• [TASK BRIEF]: Exactly the lines from the one containing "Celebra trayectoria artística con libro" to the last line of the records, inclusive, are to be transcribed; include no others.

• [DATA TO EXAMINE]:

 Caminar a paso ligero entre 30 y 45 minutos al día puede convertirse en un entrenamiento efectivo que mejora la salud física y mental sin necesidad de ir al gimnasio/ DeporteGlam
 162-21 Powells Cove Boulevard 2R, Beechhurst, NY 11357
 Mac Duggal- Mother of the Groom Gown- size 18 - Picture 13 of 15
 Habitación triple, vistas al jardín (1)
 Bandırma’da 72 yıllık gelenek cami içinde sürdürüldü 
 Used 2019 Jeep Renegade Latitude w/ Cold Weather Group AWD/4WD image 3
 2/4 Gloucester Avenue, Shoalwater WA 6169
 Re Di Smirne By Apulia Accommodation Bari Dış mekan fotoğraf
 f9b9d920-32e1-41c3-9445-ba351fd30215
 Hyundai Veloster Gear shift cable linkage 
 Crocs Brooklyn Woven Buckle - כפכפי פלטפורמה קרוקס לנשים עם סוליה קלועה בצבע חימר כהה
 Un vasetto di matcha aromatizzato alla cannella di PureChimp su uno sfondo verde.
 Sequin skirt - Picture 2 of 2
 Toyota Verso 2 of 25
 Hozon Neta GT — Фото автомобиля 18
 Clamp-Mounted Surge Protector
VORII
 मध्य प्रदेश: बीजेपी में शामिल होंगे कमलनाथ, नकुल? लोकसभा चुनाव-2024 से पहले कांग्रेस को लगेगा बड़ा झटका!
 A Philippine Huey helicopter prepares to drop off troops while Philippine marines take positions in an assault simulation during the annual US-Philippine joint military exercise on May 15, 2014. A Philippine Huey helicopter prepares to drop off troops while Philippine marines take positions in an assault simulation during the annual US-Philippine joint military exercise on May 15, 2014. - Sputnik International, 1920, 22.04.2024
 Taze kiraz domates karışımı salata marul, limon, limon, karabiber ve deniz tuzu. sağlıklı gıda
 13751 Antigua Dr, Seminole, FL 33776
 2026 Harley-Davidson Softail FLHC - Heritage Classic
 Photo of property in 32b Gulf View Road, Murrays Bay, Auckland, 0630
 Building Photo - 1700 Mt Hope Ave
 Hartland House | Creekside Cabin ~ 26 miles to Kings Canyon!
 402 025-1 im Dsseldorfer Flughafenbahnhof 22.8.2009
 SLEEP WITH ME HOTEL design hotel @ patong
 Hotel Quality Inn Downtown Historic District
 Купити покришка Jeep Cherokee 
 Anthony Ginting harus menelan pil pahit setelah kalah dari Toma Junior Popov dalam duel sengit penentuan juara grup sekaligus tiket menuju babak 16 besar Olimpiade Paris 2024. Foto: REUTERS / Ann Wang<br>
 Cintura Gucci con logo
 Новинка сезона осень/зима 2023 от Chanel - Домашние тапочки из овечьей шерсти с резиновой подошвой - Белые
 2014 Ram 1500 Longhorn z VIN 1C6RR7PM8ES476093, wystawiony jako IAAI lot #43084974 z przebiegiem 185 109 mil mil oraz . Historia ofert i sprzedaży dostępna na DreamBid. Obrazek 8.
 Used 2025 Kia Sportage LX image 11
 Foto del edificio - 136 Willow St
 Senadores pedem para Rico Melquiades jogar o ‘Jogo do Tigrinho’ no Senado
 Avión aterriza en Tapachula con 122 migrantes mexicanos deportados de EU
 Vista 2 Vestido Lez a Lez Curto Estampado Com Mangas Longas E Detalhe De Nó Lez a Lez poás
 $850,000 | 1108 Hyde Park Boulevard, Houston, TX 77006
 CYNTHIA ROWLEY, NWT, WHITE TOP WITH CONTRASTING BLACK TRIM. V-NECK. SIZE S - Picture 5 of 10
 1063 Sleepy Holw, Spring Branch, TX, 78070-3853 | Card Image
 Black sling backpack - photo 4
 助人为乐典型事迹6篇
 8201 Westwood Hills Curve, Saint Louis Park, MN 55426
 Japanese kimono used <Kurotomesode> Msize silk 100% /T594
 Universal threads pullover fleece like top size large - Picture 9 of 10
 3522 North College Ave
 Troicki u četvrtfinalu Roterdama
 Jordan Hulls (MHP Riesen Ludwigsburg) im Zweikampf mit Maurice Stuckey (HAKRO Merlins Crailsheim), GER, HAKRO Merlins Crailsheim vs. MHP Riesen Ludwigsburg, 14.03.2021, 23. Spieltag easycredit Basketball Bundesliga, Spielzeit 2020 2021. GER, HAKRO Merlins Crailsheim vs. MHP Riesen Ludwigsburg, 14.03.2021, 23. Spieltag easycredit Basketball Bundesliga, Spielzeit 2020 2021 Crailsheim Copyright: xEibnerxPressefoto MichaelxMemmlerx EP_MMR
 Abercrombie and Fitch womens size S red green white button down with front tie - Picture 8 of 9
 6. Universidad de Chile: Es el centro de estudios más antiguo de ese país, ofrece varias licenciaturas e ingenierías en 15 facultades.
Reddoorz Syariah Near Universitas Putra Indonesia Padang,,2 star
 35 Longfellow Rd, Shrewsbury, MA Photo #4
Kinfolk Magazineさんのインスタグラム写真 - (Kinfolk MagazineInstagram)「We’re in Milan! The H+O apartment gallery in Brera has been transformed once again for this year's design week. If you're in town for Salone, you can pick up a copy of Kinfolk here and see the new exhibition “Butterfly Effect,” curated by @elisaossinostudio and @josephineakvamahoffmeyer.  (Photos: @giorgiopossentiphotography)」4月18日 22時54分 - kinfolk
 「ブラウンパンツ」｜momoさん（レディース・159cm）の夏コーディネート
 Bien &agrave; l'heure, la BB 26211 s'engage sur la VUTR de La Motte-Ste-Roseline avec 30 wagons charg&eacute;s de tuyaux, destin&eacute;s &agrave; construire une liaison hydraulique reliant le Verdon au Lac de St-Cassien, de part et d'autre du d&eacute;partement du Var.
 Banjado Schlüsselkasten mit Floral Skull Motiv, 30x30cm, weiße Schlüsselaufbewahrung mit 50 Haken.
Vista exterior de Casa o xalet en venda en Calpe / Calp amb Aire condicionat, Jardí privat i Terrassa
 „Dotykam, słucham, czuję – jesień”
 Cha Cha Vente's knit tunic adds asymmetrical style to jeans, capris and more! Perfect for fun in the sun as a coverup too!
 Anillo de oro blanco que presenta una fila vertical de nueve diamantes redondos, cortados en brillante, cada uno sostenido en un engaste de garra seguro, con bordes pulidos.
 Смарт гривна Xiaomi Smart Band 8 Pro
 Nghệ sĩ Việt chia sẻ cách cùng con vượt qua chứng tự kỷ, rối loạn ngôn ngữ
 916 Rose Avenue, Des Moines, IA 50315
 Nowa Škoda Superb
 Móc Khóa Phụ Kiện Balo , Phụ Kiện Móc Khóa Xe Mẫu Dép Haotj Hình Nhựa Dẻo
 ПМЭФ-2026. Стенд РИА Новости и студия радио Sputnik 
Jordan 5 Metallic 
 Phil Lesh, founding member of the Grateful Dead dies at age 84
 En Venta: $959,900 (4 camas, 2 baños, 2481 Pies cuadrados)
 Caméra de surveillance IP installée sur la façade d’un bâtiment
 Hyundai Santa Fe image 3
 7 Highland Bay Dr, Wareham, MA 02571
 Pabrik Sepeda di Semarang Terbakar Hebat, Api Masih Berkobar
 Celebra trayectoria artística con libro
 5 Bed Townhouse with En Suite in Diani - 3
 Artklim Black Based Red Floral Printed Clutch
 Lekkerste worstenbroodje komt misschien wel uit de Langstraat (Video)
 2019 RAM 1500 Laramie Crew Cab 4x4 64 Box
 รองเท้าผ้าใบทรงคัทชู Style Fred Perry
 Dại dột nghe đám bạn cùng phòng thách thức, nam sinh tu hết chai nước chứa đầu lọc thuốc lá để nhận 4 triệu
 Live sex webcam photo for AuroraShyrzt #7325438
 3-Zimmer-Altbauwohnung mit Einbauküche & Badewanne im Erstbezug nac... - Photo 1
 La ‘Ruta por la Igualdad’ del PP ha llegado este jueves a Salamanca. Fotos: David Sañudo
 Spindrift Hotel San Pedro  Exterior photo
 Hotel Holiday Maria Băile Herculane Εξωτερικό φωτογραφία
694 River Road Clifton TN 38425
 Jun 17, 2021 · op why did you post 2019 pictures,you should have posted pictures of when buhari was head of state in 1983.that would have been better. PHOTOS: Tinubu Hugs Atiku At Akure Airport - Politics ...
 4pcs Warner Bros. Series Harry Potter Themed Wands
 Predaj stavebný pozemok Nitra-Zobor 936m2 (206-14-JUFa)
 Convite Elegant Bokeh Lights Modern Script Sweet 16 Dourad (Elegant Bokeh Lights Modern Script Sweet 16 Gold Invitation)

• [ANSWER BELOW]:
 Celebra trayectoria artística con libro
 5 Bed Townhouse with En Suite in Diani - 3
 Artklim Black Based Red Floral Printed Clutch
 Lekkerste worstenbroodje komt misschien wel uit de Langstraat (Video)
 2019 RAM 1500 Laramie Crew Cab 4x4 64 Box
 รองเท้าผ้าใบทรงคัทชู Style Fred Perry
 Dại dột nghe đám bạn cùng phòng thách thức, nam sinh tu hết chai nước chứa đầu lọc thuốc lá để nhận 4 triệu
 Live sex webcam photo for AuroraShyrzt #7325438
 3-Zimmer-Altbauwohnung mit Einbauküche & Badewanne im Erstbezug nac... - Photo 1
 La ‘Ruta por la Igualdad’ del PP ha llegado este jueves a Salamanca. Fotos: David Sañudo
 Spindrift Hotel San Pedro  Exterior photo
 Hotel Holiday Maria Băile Herculane Εξωτερικό φωτογραφία
694 River Road Clifton TN 38425
 Jun 17, 2021 · op why did you post 2019 pictures,you should have posted pictures of when buhari was head of state in 1983.that would have been better. PHOTOS: Tinubu Hugs Atiku At Akure Airport - Politics ...
 4pcs Warner Bros. Series Harry Potter Themed Wands
 Predaj stavebný pozemok Nitra-Zobor 936m2 (206-14-JUFa)
 Convite Elegant Bokeh Lights Modern Script Sweet 16 Dourad (Elegant Bokeh Lights Modern Script Sweet 16 Gold Invitation)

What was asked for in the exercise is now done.